[Given data Boundary: Start]

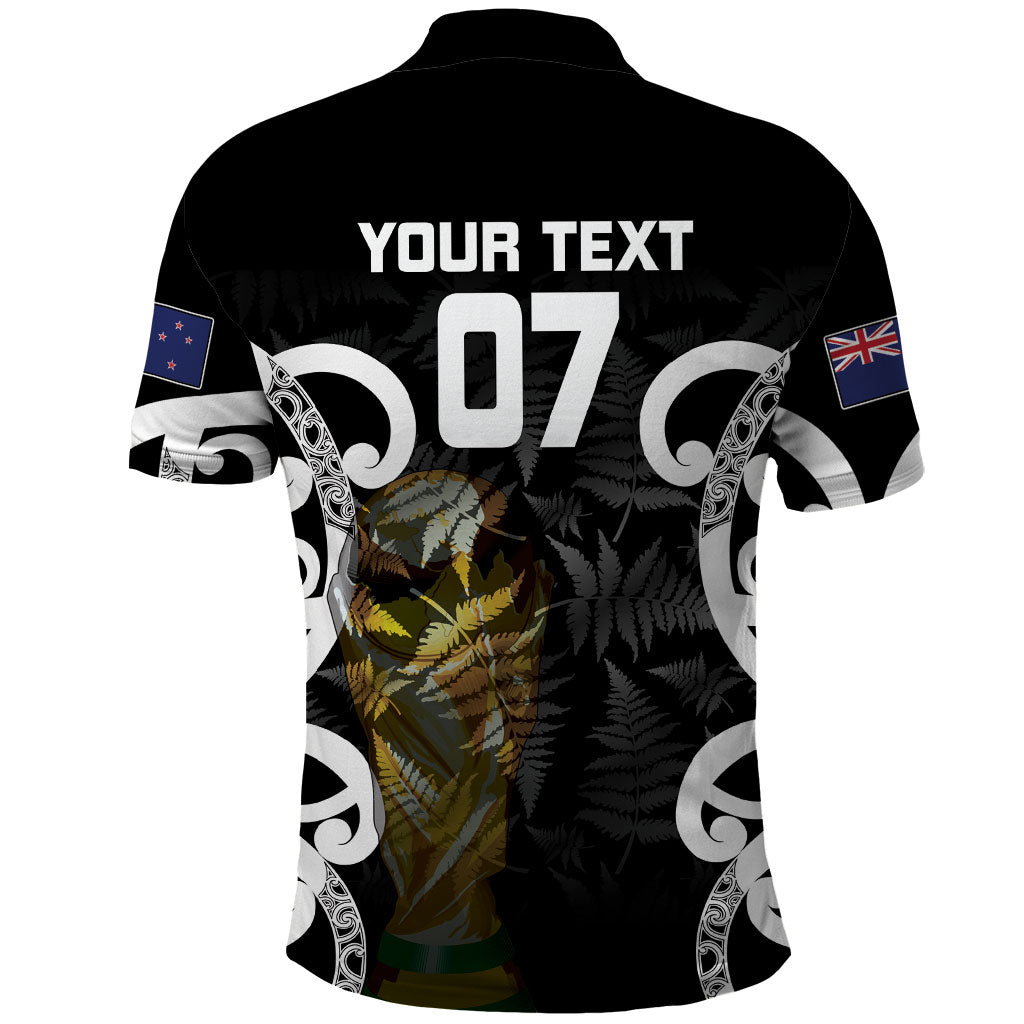 New Zealand WC2026 Custom Black Polo Shirt Silver Fern
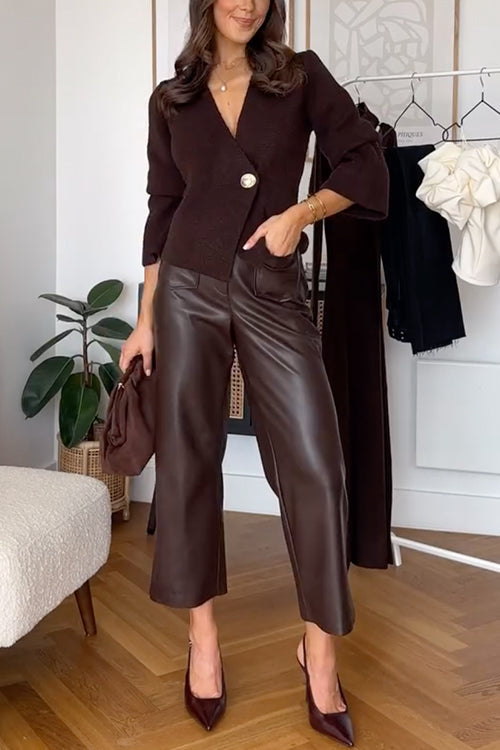 Chicest V Neck Button Up Sweater Cardigan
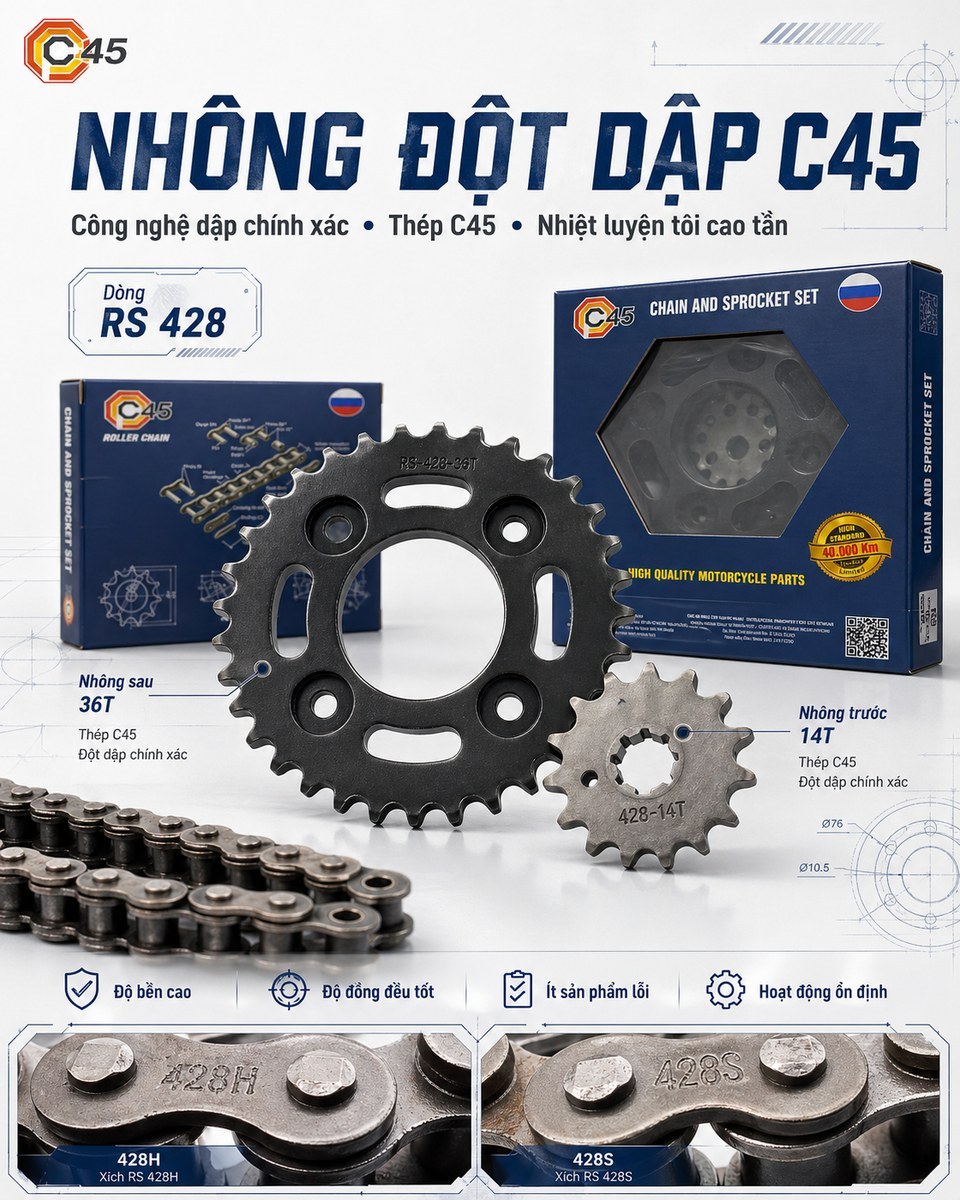 Bộ nhông xích C45 cho Suzuki Viva – C45 Viva 35-14 ko lỗ-102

[Given data Boundary: End]

■ Problem description:
Transcribe all of the material exactly, leaving out whatever pictures it contains.

■ Answer to the problem:
 New Zealand WC2026 Custom Black Polo Shirt Silver Fern
 Chicest V Neck Button Up Sweater Cardigan
 Bộ nhông xích C45 cho Suzuki Viva – C45 Viva 35-14 ko lỗ-102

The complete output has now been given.